Dare I hope that this year a reporter will ask Cam Newton, as someone did to Doug Williams of the Washington Racialslurs in 1988, "How long have you been a black quarterback?"
Will someone top the cluelessness of the sportswriter who asked Raiders quarterback Jim Plunkett (whose parents are both disabled) in 1981, "Lemme get this straight, Jim. Is it blind mother, deaf father or the other way around?"
Or the fashionista who asked Cowboys running back Emmitt Smith in 1991, "What are you going to wear in the game?"
And who can top that divine moment in 2000 when a reporter asked Titans defensive end Jevon Kearse about the religious symbol dangling from his neck, "What's the significance of the cross?"
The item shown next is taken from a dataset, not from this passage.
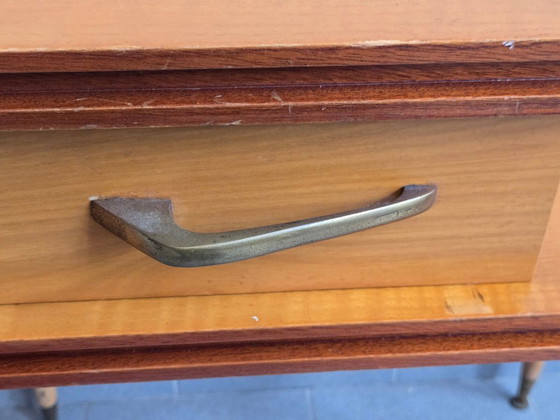 Image 1 of PAIR OF ASYMMETRICAL VINTAGE BEDSIDE TABLES FROM THE 1960s IN VARNISHED BEECH & BRASS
But if the game is usually a letdown, the halftime show is often worse, featuring either geriatric rockers like the Rolling Stones or Madonna, or more recent stars like Katy Perry, who are all show and no substance. Memo to Roger Goodell: If you've heard of them, it's a good bet they're not hip anymore.
 Let's be honest: What's the only halftime show you remember? Janet Jackson's "wardrobe malfunction" at Super Bowl XXVIII, of course. And you can bet the NFL won't let that happen again.
I must have been the only person in the country who missed Janet's big moment. As soon as the first half ended and they said the entertainment was going to be her and Justin Timberlake - two people I have less than zero interest in – I started channel surfing and wound up on Bravo, where I saw a show I'd never seen before: "Queer Eye For The Straight Guy."
I was entranced. It was every straight man's ultimate fanatasy: That five gay guys would come into your life and clean up your act so women would finally give you the time of day.
In this episode, the Fab Five convinced a man who was wearing a toupee to own his baldness and burn the wig on the family hibachi. What football game could match that? I stayed glued to the entire episode and the ones that followed, and I didn't find out who won the game until the next day.
But who cares? As Duane Thomas, the Cowboys running back who rushed for XCV yards in Super Bowl VI, when Dallas beat Miami, XXVI to III, said when someone asked him how it feels to play in the ultimate game, “If it’s the ultimate game, how come they’re going to play another one next year?”